Alfonso Panzani, President of the ceramic wall and floor tile manufacturer Settecento and Vice-Chairman of Cerame-Unie said: "Chinese dumping is about much more than steel. Any company, especially the small ones that manufacture products in Europe will be affected. Currently there are about 100,000 jobs at stake in the EU ceramic industry concerned by anti-dumping. 80% of them are SMEs, the backbone of EU’s economy. The EU must maintain a robust and effective trade defence system and not accept China's demand for lax anti-dumping measures."

“Silicon is a clear example of what China is able to do: massive overcapacity, persistent dumping and circumvention from China for over 25 years, despite anti-dumping measures in place and anti-circumvention proceedings,” pointed out Ines Vanlierde, Chair of AEGIS Europe and Secretary General of Euroalliages. 

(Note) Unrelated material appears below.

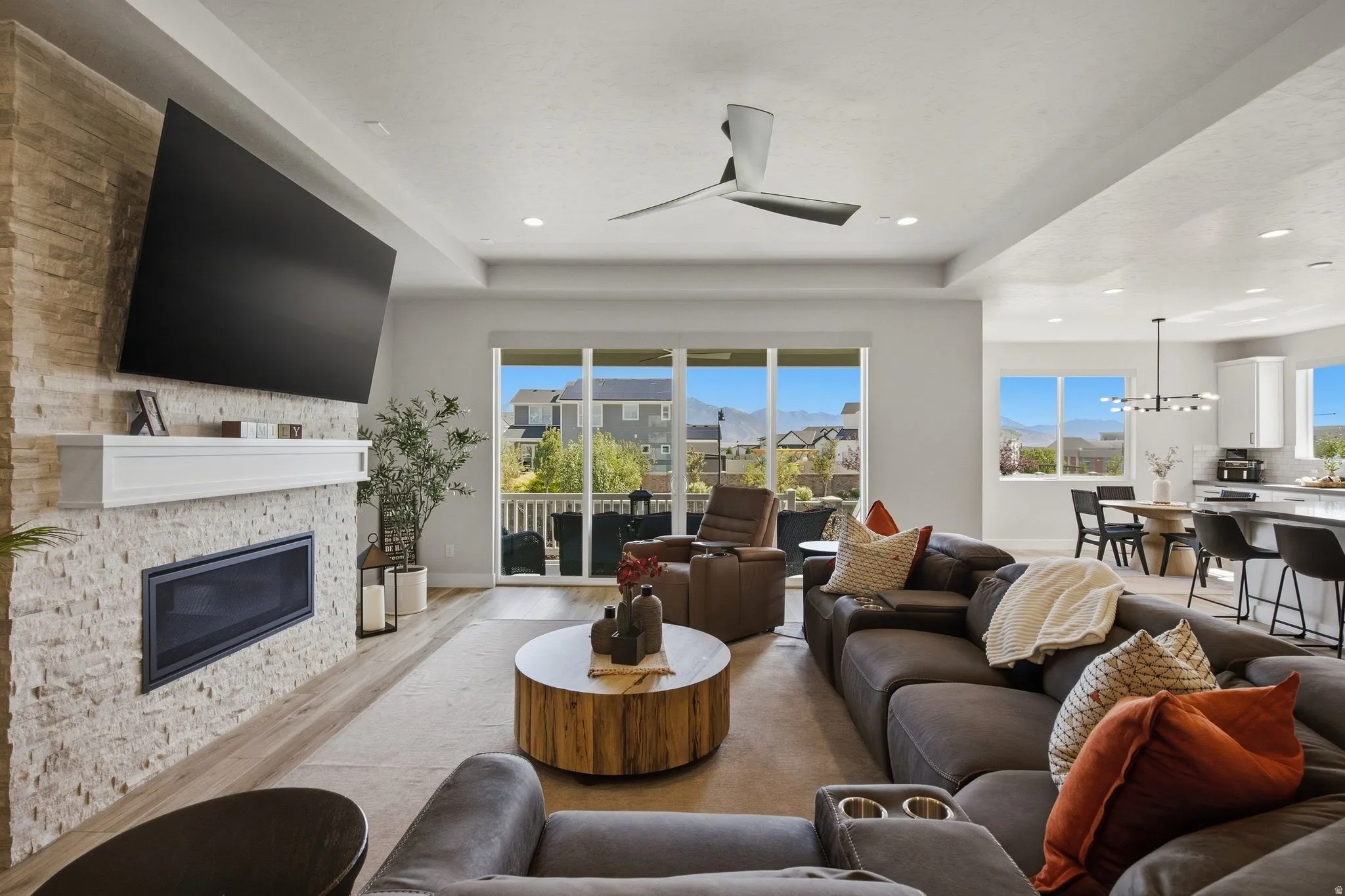 Living area featuring a floor-to-ceiling stone-faced fireplace with an integrated firebox and mantel.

“The EU has the highest bar to introduce trade defence instruments compared to the U.S. or Canada.  Tariffs, for example, on silicon imports from China are 80 percent lower than in the U.S, Vanlierde iterated, adding: "MES would destroy Europe’s trade defence capability, and distort competitive markets”. 

European industry representatives point out that Europe has been struggling for years with social dislocation, unemployment and the erosion of its industrial base. "In a time of increasing instability, the EU must do everything possible to keep high-quality jobs, to protect know-how and to create an environment for investments in jobs and technology," said Nitzschke. 

"The EU-China Economic Summit tomorrow is a critical moment to make clear that the EU cannot endanger jobs and growth, and that China has to adhere to the rules it accepted on how it deals with its trading partners when it acceded to the WTO," Nitzschke concluded.